EXERCISE REQUIREMENTS: Copy each line from the data that has the word "pour" in it.

MATERIAL SHOWN:
[Start of Attachment]

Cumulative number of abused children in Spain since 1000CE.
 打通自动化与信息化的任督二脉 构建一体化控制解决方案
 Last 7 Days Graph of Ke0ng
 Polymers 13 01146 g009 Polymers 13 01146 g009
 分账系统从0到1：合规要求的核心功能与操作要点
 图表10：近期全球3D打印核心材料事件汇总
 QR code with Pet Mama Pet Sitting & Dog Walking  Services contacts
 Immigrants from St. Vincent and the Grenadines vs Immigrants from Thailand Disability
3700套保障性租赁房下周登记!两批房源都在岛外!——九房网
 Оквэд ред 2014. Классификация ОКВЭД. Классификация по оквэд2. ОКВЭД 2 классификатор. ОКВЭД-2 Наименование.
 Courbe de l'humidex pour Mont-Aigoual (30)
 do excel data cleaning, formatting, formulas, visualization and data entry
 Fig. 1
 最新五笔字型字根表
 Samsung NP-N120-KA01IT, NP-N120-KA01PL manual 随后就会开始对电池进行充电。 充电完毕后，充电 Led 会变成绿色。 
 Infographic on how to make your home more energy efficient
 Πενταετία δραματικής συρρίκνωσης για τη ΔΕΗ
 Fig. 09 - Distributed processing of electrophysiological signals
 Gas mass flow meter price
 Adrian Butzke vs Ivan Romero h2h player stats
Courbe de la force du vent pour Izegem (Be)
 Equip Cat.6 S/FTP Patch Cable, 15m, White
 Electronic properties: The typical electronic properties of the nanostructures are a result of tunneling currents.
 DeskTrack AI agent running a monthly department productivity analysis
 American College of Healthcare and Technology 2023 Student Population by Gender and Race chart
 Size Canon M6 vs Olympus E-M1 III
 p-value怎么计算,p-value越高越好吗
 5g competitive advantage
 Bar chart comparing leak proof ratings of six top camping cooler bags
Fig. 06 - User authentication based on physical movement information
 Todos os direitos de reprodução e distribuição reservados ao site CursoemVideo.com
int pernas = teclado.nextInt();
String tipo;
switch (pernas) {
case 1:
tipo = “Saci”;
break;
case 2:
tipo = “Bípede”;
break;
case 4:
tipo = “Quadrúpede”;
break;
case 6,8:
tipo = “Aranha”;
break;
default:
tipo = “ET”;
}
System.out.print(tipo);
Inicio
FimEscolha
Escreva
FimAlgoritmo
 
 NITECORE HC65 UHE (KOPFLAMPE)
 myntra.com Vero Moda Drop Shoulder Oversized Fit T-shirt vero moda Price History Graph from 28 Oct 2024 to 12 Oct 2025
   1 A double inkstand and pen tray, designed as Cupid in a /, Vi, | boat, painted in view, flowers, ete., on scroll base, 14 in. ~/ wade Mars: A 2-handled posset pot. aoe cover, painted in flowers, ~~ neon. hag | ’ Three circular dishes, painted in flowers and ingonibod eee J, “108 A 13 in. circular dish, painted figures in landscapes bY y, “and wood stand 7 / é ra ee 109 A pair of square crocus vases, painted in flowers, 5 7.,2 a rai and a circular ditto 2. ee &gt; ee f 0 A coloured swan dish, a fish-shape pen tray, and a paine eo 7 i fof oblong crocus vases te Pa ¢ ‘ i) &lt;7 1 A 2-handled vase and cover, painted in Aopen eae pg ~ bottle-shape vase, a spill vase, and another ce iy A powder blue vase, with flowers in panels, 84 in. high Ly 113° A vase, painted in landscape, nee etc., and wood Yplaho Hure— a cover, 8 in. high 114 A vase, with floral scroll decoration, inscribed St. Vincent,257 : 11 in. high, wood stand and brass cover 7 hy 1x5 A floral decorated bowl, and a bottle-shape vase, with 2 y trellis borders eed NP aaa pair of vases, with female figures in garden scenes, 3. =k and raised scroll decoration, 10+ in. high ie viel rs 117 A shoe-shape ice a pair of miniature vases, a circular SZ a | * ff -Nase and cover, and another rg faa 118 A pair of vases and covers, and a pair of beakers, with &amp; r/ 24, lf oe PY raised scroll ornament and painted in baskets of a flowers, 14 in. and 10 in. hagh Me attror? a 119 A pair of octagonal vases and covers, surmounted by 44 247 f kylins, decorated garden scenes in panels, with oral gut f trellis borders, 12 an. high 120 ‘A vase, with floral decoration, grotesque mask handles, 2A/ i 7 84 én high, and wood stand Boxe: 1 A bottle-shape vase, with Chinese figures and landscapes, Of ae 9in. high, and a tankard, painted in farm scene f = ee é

[End of Attachment]

WRITTEN SOLUTION:
 Courbe de l'humidex pour Mont-Aigoual (30)
Courbe de la force du vent pour Izegem (Be)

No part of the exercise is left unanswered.